Fernanda parou na frente do computador e apertou o botão de ligar. O humor dela não podia estar melhor, a noite de domingo tinha sido incrivelmente produtiva e o relatório seria entregue sem problemas na metade da tarde… Mas o computador não ligou. Ela apertou o botão novamente… Nada, nem um apito, bip ou ruído de espécie alguma. O humor dela começou a piorar. O botão foi apertado mais três vezes antes de Fernanda entrar em um frenesi e apertar a pobre peça plástica mais rápido do que os olhos podiam ver. Nada. Nesse ponto Fernanda já estava trincando os dentes e esmurrando a mesa. “Maldito computador”, pensava ela. O rosto estava quente de raiva, a respiração estava acelerada. Ela levantou e começou a dar voltas pelo quarto, quando a paciência chegou a um nível abaixo de zero um chute atingiu a mesa. Miraculosamente o computador ligou.

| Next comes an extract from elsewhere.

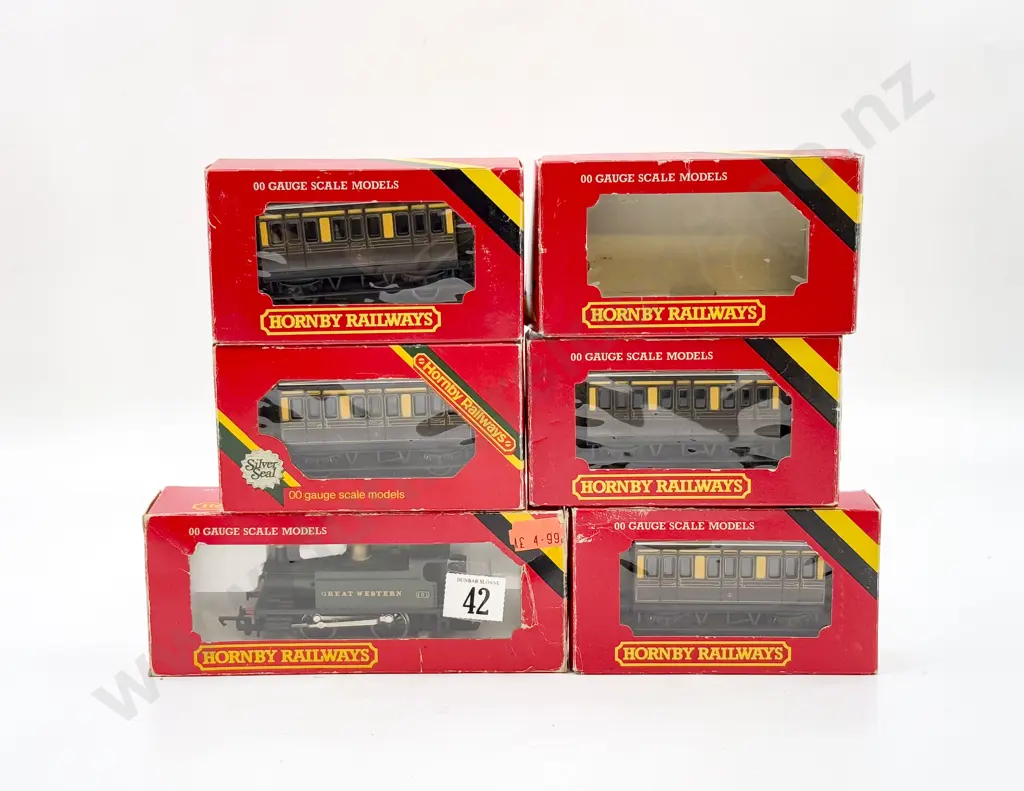 Hornby Railways Boxed R077 GWR 0-4-0 Loco & R213 x3 R018 GWR 4-Wheel Coaches and Brake Image 1++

Pouco tempo depois a tela de login apareceu. Oito letras e um enter depois o humor de Fernanda começava a dar sinais de melhora. “Senha Incorreta”. “É o quê?”, pensou a pobre moça enquanto digitava a senha novamente. “Senha Incorreta”. Um punho cerrado caiu pesadamente sobre a mesa. “Senha Incorreta”. “Filho da …”, a moça quase explodiu de fúria. Depois de respirar fundo três vezes ela digitou a senha novamente, pouco antes de teclar enter ela notou que a tela não exibia o seu usuário. Depois de inserir o seu nome de usuário e a senha correta a tela exibiu um “Bem Vindo”. E foi só isso que a tela mostrou por mais de cinco minutos.

Nesse ponto Fernanda já estava cega de ódio. O tempo estava correndo e o relatório não estava ficando pronto. Quando o computador finalmente exibiu a área de trabalho a pobre moça foi direto na pasta de documentos. A pasta não abriu. Mais alguns cliques frenéticos e nada. Fernanda estava à beira de um infarte quando a pasta finalmente abriu, o arquivo do relatório também e o trabalho pôde ser concluído. Agora bastava enviar o arquivo por email e tudo terminaria bem. Foi quando a internet resolveu cair.

Naquele inicio de tarde um laptop saiu voando pela janela. Fernanda estava com seu relatório são e salvo na nuvem. Ela sabia bem disso, tudo tinha dado certo, mas o computador não podia sair ileso.